(DESCRIPTION OF THE TASK):
Quote the data exactly, first line to the line containing "So back to our", with no pictures.

[Records from a collection]
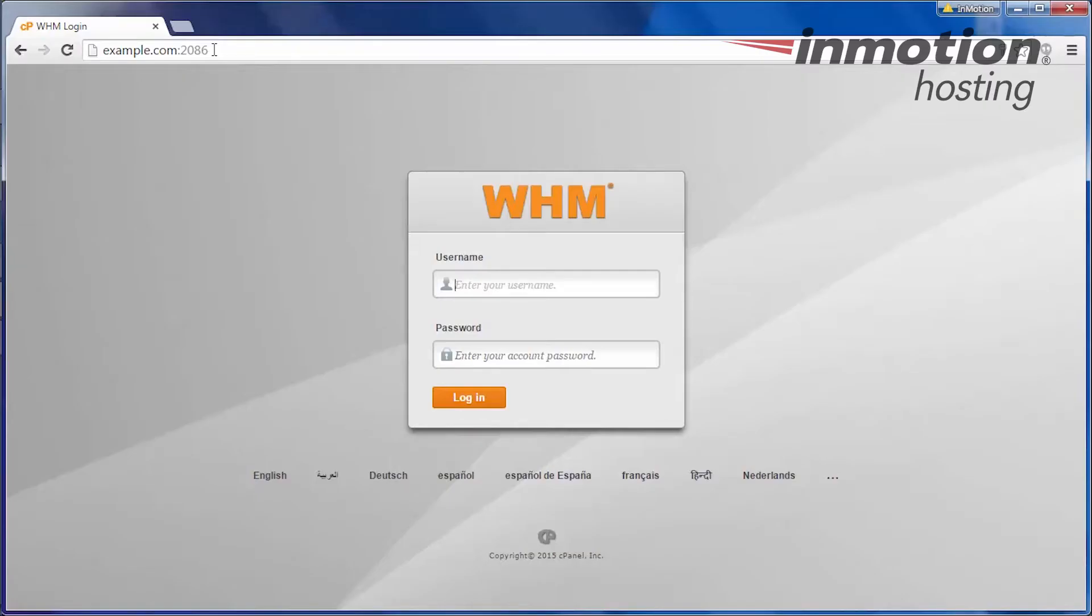Hi, this is TJ with InMotion Hosting. Today we're going to talk about our WHM series. In this video we're going to talk about how to log into WHM.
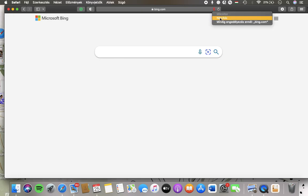Hello guys, in this video I'm going to show you how to search by using your voice on the Microsoft Bing application.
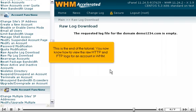This is the end of the tutorial. You now know how to view the raw HTTP and FTP logs for an account in WHM.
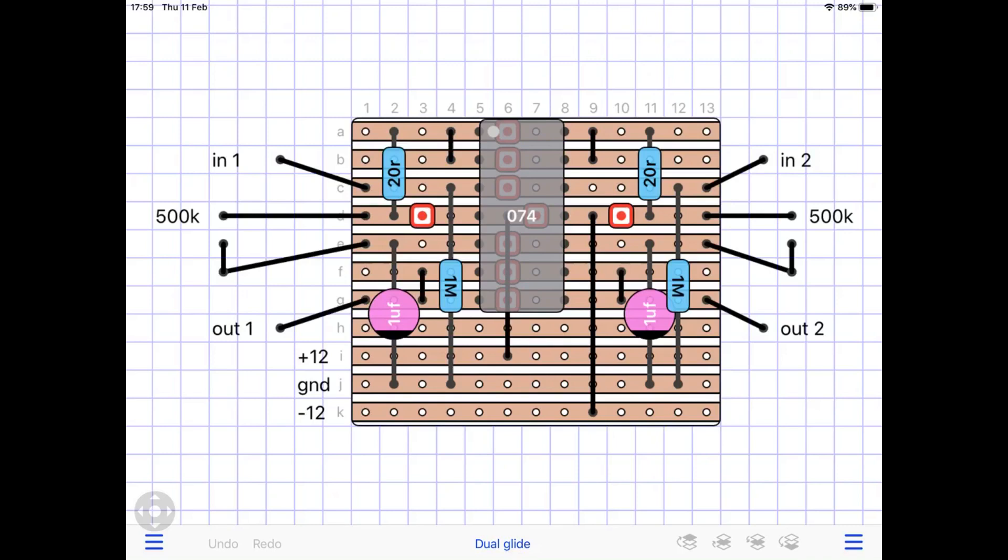Now this is a particularly easy, I think you'll agree, circuit. This is a dual glide. I've just put a single glide in the Soundlab.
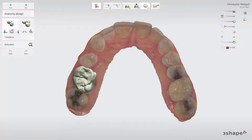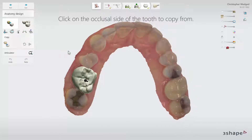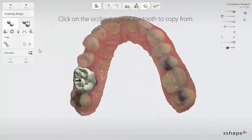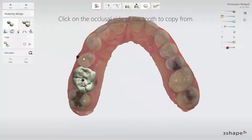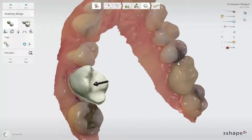First, let's look at copying a contralateral tooth. Simply click the copy button. You will be prompted to click on the occlusal surface of the tooth that you wish to copy. Move the black arrow over the contralateral tooth and click. This will create a line around the tooth that was selected, and what is inside this line is going to be copied.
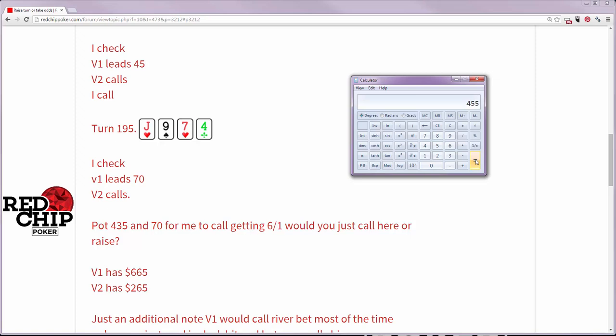Now we have the implied odds that are on the good side for us. When we make those six outs, even though we're out of position, can we make any amount of money here? And I believe the way this is played out that you can extract some damage on those times you do hit your hand.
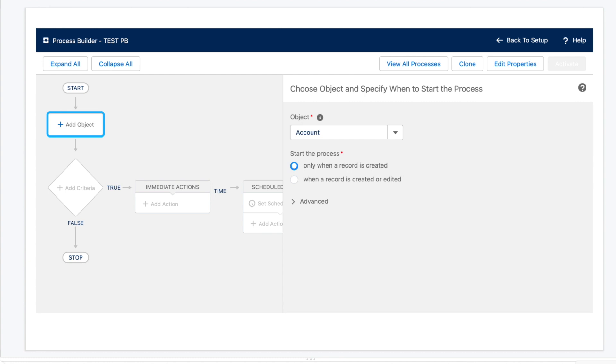So back to our Process Builder. I chose to create a process using that when a record changes option. So in the Builder, the first step is to decide your object and your trigger. Does the process fire only when a record is created or when it's also edited?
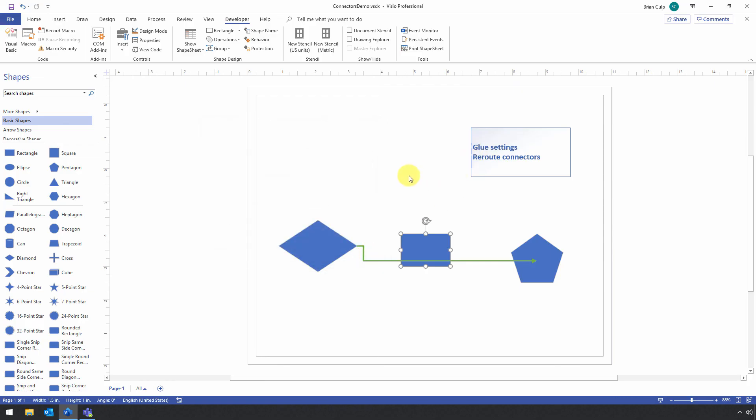This is how you govern the glue settings. This is how you govern, basically, the rerouting behavior of the connectors. And this, again, will just help you make heads and tails about what's happening with your connectors in Visio.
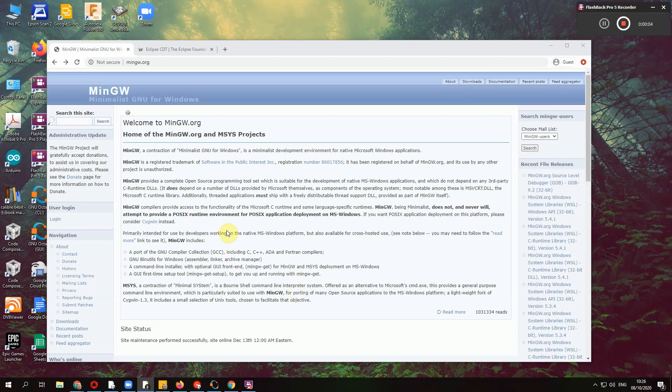This is just a quick video on installing the C++ development environment for your desktop machine. In this case I'm going to use a Windows machine because it's the most common installation and there's a few challenges with it.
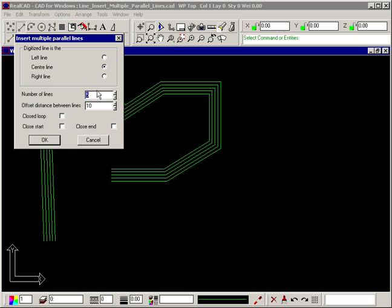Alternatively, 2 parallel lines could be drawn, 25mm apart, defined by the left line, and automatically closing the loop.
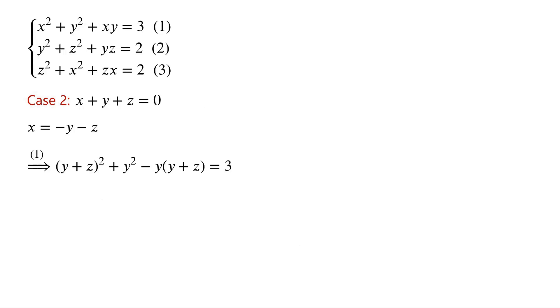So the left-hand side of the equation can be simplified to y squared plus z squared plus yz, which equals 3. We label the equation as equation 4.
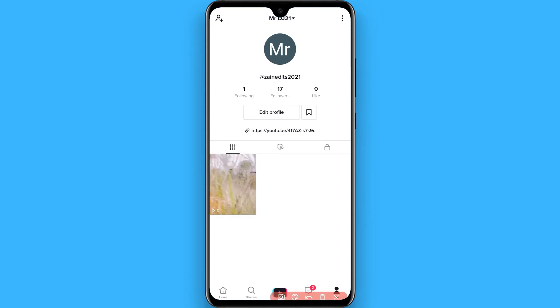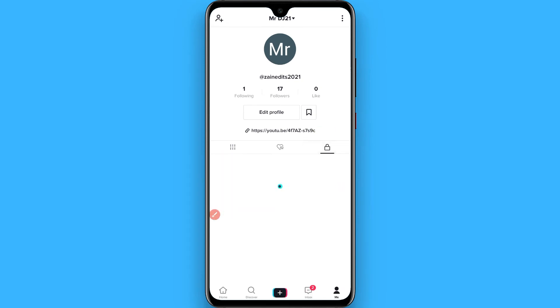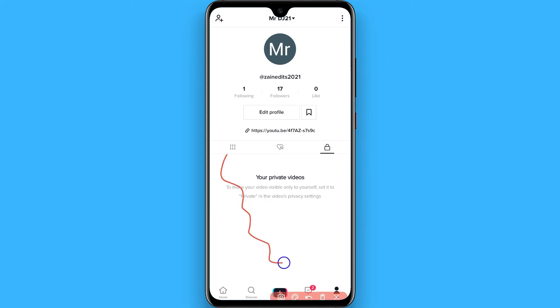Here you will see all of your private videos that you have saved to your drafts. I hope this video was helpful for you. See you next time, thank you.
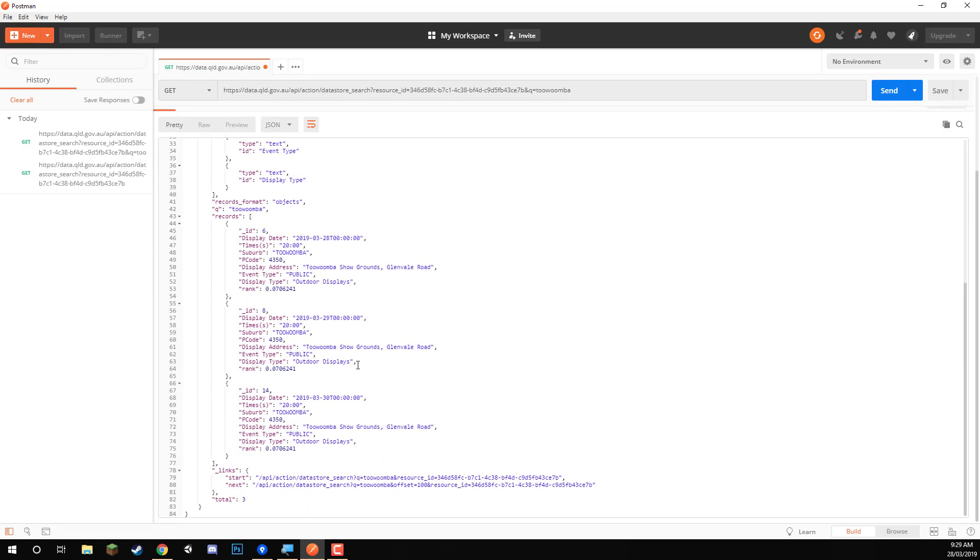And our returning events are three this time. We have three records. And as you can see, they're all from Toowoomba.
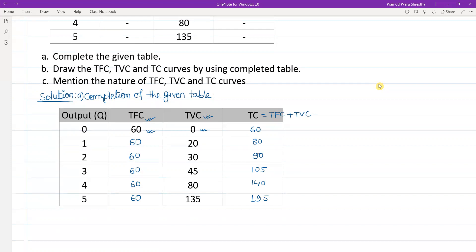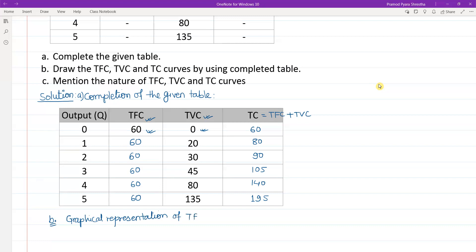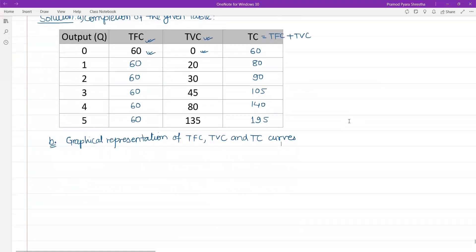Now the second question: we have to draw TFC, TVC, and TC curves. So let me write here - question number B, graphical representation of TFC (total fixed cost), total variable cost, and total cost curves.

(ANSWER BOX):
Hi, this is TJ with InMotion Hosting. Today we're going to talk about our WHM series. In this video we're going to talk about how to log into WHM.
Hello guys, in this video I'm going to show you how to search by using your voice on the Microsoft Bing application.
This is the end of the tutorial. You now know how to view the raw HTTP and FTP logs for an account in WHM.
Now this is a particularly easy, I think you'll agree, circuit. This is a dual glide. I've just put a single glide in the Soundlab.
First, let's look at copying a contralateral tooth. Simply click the copy button. You will be prompted to click on the occlusal surface of the tooth that you wish to copy. Move the black arrow over the contralateral tooth and click. This will create a line around the tooth that was selected, and what is inside this line is going to be copied.
Now we have the implied odds that are on the good side for us. When we make those six outs, even though we're out of position, can we make any amount of money here? And I believe the way this is played out that you can extract some damage on those times you do hit your hand.
So back to our Process Builder. I chose to create a process using that when a record changes option. So in the Builder, the first step is to decide your object and your trigger. Does the process fire only when a record is created or when it's also edited?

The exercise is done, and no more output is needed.